Large plastic ones from Dadant. No heat. Work okay as long as you don't leave honey in it long enuf to crystalize.


----------



## Bodhi (Aug 30, 2009)

Got an item number, Mark? All I see in the book for plastic is the 5-gallon size.


----------



## sqkcrk (Dec 10, 2005)

No. But I have seen one the size of a trash can.


----------



## Bodhi (Aug 30, 2009)

sqkcrk said:


> trash can.


Hmmm...


----------



## brac (Sep 30, 2009)

I've never seen, a food grade trash can.


----------



## FindlayBee (Aug 2, 2009)

Maybe something like they offer here would work: http://www.usplastic.com/catalog/default.aspx?catid=459&parentcatid=458


----------



## Bodhi (Aug 30, 2009)

Rubbermaid's Brute, found on the link above, are food-grade and they are sold as "trash containers". I know home winemakers use them for a cheap primary fermenter sometimes. I know Lowes carries the large ones, but who says I gotta fill up it all the way?


----------



## HONEYDEW (Mar 9, 2007)

The white 10 gallon Rubermaid brute garbage can with the white lid is USDA food grade then put the bottling valve in and good to go or this isn't to spendy...http://www.bee-outside.com/storagetankwithhoneygate.aspx .. or this.. https://www.dadant.com/catalog/product_info.php?cPath=35_73&products_id=430


----------



## sqkcrk (Dec 10, 2005)

brac said:


> I've never seen, a food grade trash can.

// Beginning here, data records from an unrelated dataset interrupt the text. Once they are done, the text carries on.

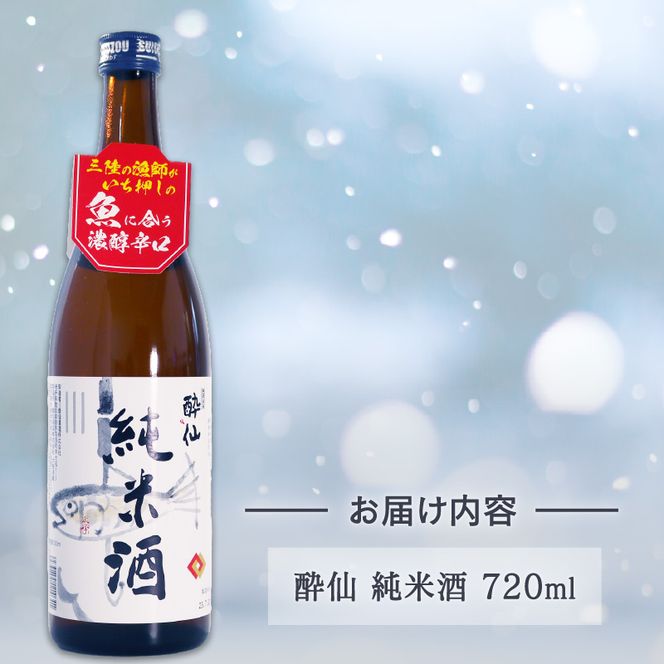 酔仙 純米酒 720ml 1本 日本酒 お酒 酒 純米酒 中口 アルコール Alcohol 晩酌 飲料 飲み物 米 酔仙 お礼 お供え 退職 内祝い 父の日 母の日 敬老の日 誕生日 ギフト プレゼント 贈答 岩手県 大船渡市[suisen009]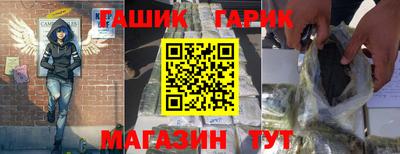 дурь Ликино-Дулёво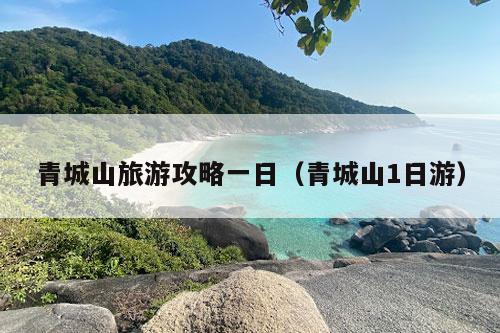 青城山旅游攻略一日（青城山1日游）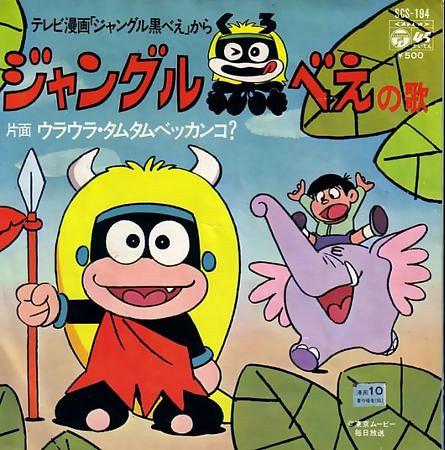 黑松林山田洋次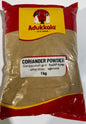 Adukkala Coriander Powder 500g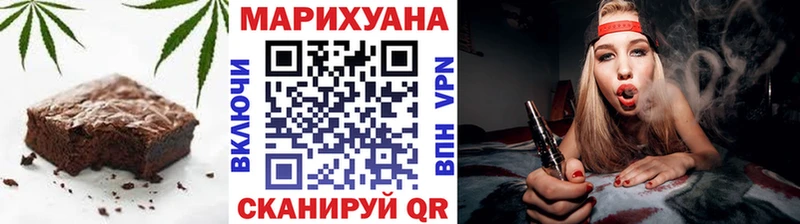 где найти наркотики  Грозный  Cannafood конопля 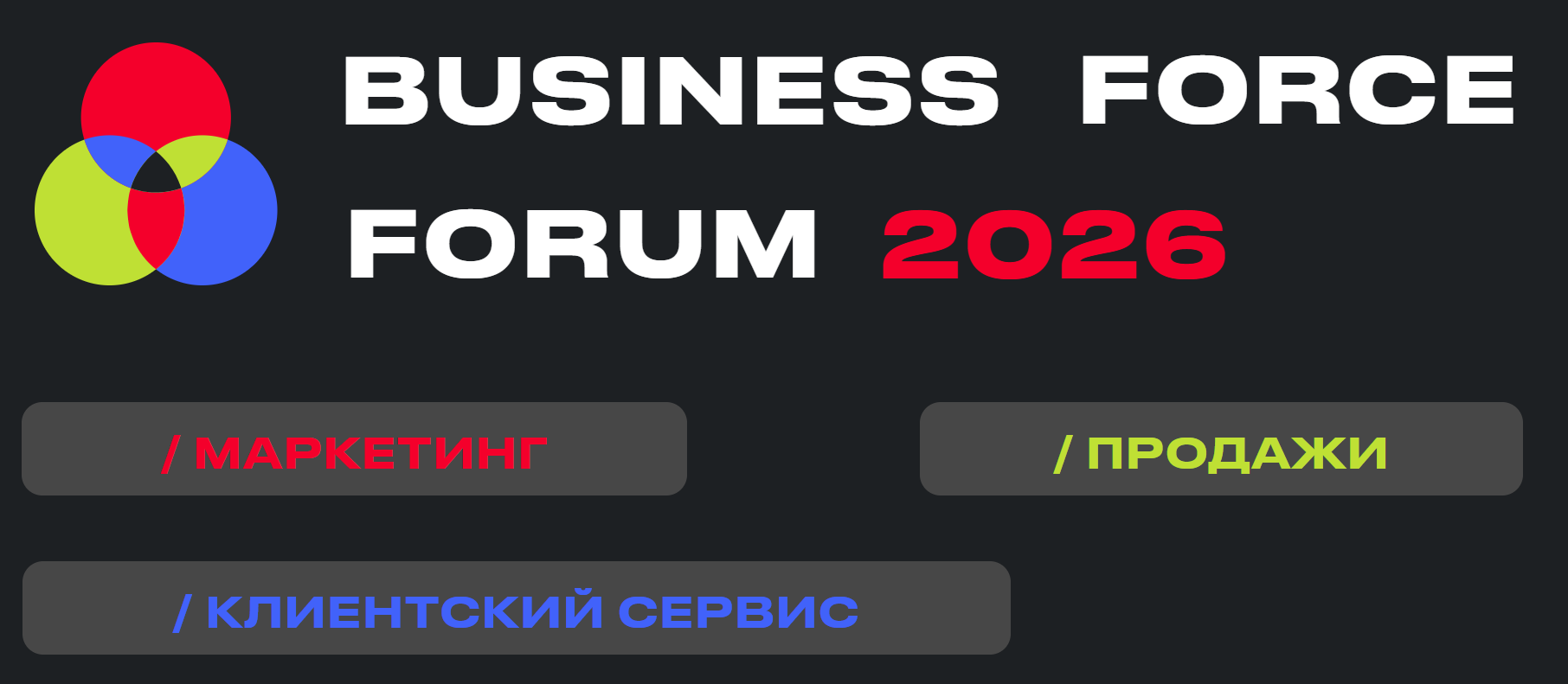 BUSINESS FORCE FORUM 2026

I didn't say it was a trash can, it was the size of a trash can. 

HONEYDEW has your answer.


----------



## Jim Stevens (Jan 15, 2007)

This is a ten gal FG containerhttp://www.usplastic.com/catalog/item.aspx?itemid=63277&catid=574

I have purchased several Items from US plastic, with no problems.

Here is the Trash can lookalike, that sqkcrk is talking about I think!
http://www.usplastic.com/catalog/item.aspx?itemid=24999


----------



## bigdog (Dec 5, 2010)

We made ours out of a stainless steel beer keg after a party. Works great.


----------



## MAXANT (Sep 13, 2008)

I need to have more keg parties!


----------



## StevenG (Mar 27, 2009)

When and where? I'll bring the chips! :banana:


----------



## Ledge (Dec 15, 2010)

Breweries get pissy when you steal their kegs. The deposit you make isn't a purchase, merely a loan agreement. It costs much more to replace a keg than the deposit price.


----------